Il client by google è solo per windows, ma sfruttando jabber potete usare il vostro account GMail/Talk anche con Gaim Adium iChat e Trillian...

L'interfaccia è semplice ed intuitiva, la gamma cromatica rispecchia il classico stile a-la-google [sfondo bianco, colori essenziali].

Stretta integrazione con GMail, con un tasto vi si aprirà il browser con la pagina principale di GMail.

[pensieri a casaccio]

Stanno percorrendo la stessa via di msn...Con il vantaggio che non è così incasinato come quest'ultimo [niente passport] anche se i dubbi sulla privacy rimanono... 

Sto come sviluppando un po' di antipatia verso questo colosso. Supporta l'OS [pensato solo al Google Summer of Code] ma... quanto potere che ha con Google News: posso influenzare la realtà, evitando di proposito di inseire certe notizie...  :Evil or Very Mad: 

GMail è bella, davvero! Peccato mantenga le mie mail dopo la distruzione del mio account [evviva quindi il POP]  :Very Happy: 

E' una strana bestia google... Ma almeno supporta gli standard aperti

----------

## lavish

Interessante! Che ne dici di mettere il tag [OT] però?  :Razz: 

----------

## .:deadhead:.

E c'hai raggggione!  :Wink: 

----------

## comio

mi turba però il fatto che il software nasca sempre sotto windows... eppure loro hanno forse i migliori programmatori ed ingegneri linux...

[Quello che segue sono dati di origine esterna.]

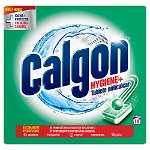 Tablete anticalcar cu rol de igienizare pentru masina de spalat CALGON Hygiene+, 15 spalari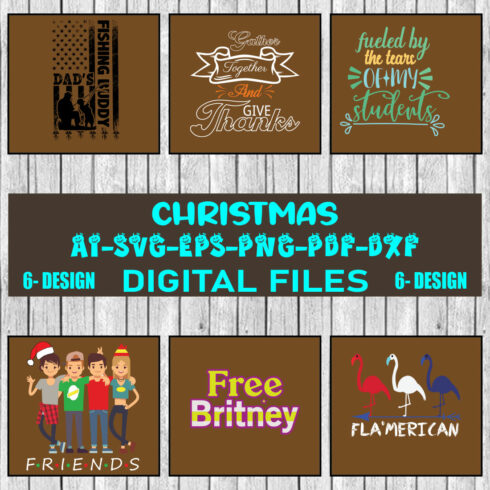 Christmas SVG Design Bundle Vol-12 cover image.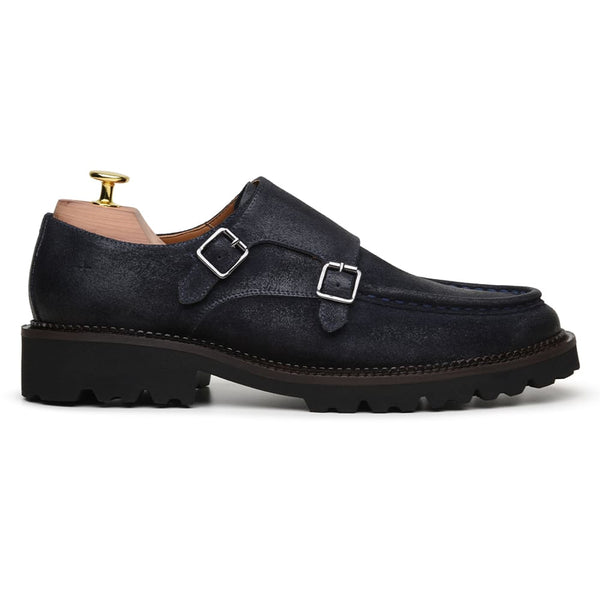 SAPATO CASUAL MASCULINO MONK STRAP CNS+ BATAH 02 MARINHO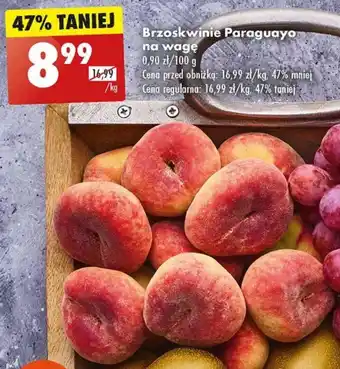 Biedronka Brzoskwinie Paraguayo 1kg oferta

bo... strategia commerciali come al solito.

Comunque sarebbe interessante capire il funzionamento della parte audio/video.

ciao

----------

## lavish

Provato con wine  :Very Happy:  Funziona bene ma non si connette....  :Confused: 

----------

## randomaze

dead, non trovi che usando adeguatamente il bbcode i link vengono più belli a vedersi e non fanno sforare l'impaginazione sul mio "modesto" 1024x768?

Ad esempio:

 [tramit google news  :Wink: ] articoli sul web a riguardo

 *Quote:*   

> Sto come sviluppando un po' di antipatia verso questo colosso. Supporta l'OS [pensato solo al Google Summer of Code] ma... quanto potere che ha con Google News: posso influenzare la realtà, evitando di proposito di inseire certe notizie...  

 

Abbiamo parlato di Google in questo thread  :Wink: 

Adesso, dopo le cazziate e i riferimenti esterni, passiamo alle "domande serie" su gtalk:

Qualcuno ha provato ad aggiungere contatti jabber esterni? Ovvero, collegati sul loro account provare ad esempio ad aggiungere randomaze@jabber.linux.it o simili?

----------

## Danilo

 *.:deadhead:. wrote:*   

> 
> 
> GMail è bella, davvero! Peccato mantenga le mie mail dopo la distruzione del mio account [evviva quindi il POP] 
> 
> 

 

Non e' possibile cancellarle?

Vabbe' e' una scocciatura ma e' la soluzione...

----------

## lavish

randomaze, io per aggiungere contatti jabber ci riesco, ma non ho nessuno con il client per win... 

:/

ps: povero .:deadhead:.  :Laughing: 

----------

## silian87

Beh... almeno ci sono gia' le guide ufficiali di come metterlo su gaim e altri  :Very Happy: 

----------

## .:deadhead:.

probabilmente perchè windows ha un maggior bacino di utenza. Su linux che successo avrebbe un nuovo client? IMVHO 0! Toglietemi tutto ma non il mio Gaim. E cmq la mancanza del nuovo client non pregiudica l'uso del IM, ma solo del VoIP. Probabilmente in futuro, dopo che la fase di testing sarà conclusa, giungerà anche per linux il client.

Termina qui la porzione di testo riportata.